# Anything faster than Autosol to bring shne back to alloy wheel rim ?



## perm (Oct 26, 2005)

Hi,

I have the same alloys as shown here, however miine do not look as good..... 









*vikki* hope I am ok to use your alloys wheel pic. 

I have tried autosol on the polished lip and it does remove the several black grime layers of oxidised metal to ultimately produce a shiny look, however the whole process is very time consuming to do.

Is there any other products that would do the same job as Autosol but faster and with less effort?

Cheers

Perm


----------



## -ROM- (Feb 23, 2007)

i have found that the evil autoglym paint renovator makes a very good and quick to use metal polish.


----------



## Silva1 (Sep 16, 2007)

I popped into halfords and noticed AG have a liquid metal polish .. anyone tried it yet ??


----------



## perm (Oct 26, 2005)

just a little bump ;
Anyone have anything more to add ?

Cheers

Perm


----------



## racquel (Dec 18, 2006)

Try Peek Polish or Fine Shine both goods easy to use products


----------



## Rundie (Oct 2, 2007)

G3 works well, followed by Autosol.


----------



## NeoPanther (Jan 15, 2008)

I recommend Briliant Polishes. 
The pic below is a test I was trying.
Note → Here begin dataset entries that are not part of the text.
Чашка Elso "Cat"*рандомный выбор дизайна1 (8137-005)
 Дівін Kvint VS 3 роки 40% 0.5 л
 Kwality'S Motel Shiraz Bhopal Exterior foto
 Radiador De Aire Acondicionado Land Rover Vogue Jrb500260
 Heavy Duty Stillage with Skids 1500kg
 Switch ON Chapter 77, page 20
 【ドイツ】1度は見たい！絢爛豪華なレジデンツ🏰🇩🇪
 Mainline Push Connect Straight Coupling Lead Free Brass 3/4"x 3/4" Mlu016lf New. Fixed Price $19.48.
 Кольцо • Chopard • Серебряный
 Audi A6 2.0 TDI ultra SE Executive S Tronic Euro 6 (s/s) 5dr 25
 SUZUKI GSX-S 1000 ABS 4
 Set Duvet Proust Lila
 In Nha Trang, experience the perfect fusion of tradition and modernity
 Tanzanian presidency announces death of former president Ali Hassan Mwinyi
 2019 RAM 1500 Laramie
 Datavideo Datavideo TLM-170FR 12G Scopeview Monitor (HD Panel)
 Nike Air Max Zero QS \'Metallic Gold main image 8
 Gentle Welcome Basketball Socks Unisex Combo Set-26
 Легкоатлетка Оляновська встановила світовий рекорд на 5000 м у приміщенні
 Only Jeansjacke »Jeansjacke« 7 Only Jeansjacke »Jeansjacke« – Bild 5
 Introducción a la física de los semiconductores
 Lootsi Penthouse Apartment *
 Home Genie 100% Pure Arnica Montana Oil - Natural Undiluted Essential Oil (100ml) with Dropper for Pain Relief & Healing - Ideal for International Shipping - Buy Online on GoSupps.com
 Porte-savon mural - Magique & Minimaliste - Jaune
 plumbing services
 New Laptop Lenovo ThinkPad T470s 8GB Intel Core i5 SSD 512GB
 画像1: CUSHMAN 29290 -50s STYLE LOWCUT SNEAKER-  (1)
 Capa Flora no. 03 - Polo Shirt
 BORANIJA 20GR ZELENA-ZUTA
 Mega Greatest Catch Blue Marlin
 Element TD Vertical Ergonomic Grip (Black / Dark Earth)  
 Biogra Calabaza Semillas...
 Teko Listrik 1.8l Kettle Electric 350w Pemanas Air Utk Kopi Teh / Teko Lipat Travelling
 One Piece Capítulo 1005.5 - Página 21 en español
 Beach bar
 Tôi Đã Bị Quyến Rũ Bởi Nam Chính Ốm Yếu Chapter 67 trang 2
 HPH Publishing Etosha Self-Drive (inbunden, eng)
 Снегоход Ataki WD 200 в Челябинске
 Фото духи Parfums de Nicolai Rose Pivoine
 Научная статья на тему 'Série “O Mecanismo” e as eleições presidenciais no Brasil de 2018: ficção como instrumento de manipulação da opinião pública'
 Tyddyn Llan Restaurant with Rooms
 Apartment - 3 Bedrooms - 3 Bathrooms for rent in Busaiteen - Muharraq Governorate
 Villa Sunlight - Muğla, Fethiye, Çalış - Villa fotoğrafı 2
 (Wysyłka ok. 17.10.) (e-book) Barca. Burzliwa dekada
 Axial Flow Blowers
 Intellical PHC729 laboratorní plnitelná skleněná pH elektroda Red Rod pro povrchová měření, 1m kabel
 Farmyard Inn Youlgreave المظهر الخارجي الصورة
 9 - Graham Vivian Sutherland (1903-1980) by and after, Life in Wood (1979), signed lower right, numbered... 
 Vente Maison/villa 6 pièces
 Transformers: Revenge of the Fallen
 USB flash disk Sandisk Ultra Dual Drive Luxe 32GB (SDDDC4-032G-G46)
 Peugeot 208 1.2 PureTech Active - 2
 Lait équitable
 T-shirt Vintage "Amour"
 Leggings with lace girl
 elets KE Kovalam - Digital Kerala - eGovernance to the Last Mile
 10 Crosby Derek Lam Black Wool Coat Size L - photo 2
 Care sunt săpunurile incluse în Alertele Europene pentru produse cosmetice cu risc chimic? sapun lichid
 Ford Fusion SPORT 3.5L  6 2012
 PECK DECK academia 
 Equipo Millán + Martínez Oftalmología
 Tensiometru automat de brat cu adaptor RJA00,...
The whole piece of metal was polished with Autosol & wirewool, then Autosol and a cloth.

The top part was then polished with Briliant's Stainless Steel & Aluminium polish with just a cloth. It was a lot easlier and as you can see, the finish is better. They also do a premium polish, which applied after gives an even shiner finish (I'll post a review soon).


----------



## kk1966 (Aug 8, 2007)

I'll second the vote for Peek...excellent stuff.


----------



## Dream Machines (Mar 13, 2006)

P21s polishing soap is ultra quick though not sure if it gives the ultimate gloss
English custom metal polishes claim to be the worlds best

Is it possible to remove swirls from chrome?


----------



## Detailed Obsession (Mar 2, 2006)

P21s (R222) metal polishing soap is quick, easy and will give a great shine once you're used to using it - vary the amount of product you apply to the sponge to vary the finish. Start with more to clean up the lip, and finish with less, to bring out the gloss.

Gareth


----------



## MattOz (May 15, 2007)

Can I suggest Belgom Alu? I use it on my bike and also for cleaning exhaust tips/trims on cars. It's excellent stuff and leaves a nice protective layer that beads for weeks. 

It's about £8 a pot and lasts for a long time. Highly recommended. 

Matt


----------